▶ _What this task involves_:
With the records below as input, work out how many lines include the word "image". Give only the number.

▶ _Listed entries_:
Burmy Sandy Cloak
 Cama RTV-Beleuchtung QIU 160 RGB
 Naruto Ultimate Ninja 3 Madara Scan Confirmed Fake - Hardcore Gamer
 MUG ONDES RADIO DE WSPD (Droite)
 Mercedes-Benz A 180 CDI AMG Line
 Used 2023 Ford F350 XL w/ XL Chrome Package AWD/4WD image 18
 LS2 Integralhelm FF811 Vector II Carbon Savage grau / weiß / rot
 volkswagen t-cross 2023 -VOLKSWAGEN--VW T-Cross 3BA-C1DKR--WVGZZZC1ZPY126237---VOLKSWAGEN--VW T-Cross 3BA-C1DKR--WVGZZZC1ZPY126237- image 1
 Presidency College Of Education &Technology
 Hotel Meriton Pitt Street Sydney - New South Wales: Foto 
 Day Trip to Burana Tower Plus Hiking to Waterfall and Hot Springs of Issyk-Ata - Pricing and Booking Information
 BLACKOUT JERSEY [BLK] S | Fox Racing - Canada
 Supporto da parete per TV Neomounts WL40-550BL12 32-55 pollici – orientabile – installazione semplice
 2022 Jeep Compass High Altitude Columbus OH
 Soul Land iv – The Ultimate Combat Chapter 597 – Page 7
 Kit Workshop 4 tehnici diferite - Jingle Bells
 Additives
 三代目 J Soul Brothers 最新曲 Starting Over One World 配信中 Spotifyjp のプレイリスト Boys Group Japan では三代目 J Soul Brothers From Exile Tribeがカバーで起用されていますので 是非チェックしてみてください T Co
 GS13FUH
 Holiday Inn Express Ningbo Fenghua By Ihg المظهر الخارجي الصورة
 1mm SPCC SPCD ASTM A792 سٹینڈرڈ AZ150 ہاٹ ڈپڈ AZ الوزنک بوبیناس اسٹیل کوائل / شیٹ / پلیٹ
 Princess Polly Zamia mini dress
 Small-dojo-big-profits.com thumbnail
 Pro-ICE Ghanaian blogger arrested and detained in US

▶ _Solution for this exercise_:
2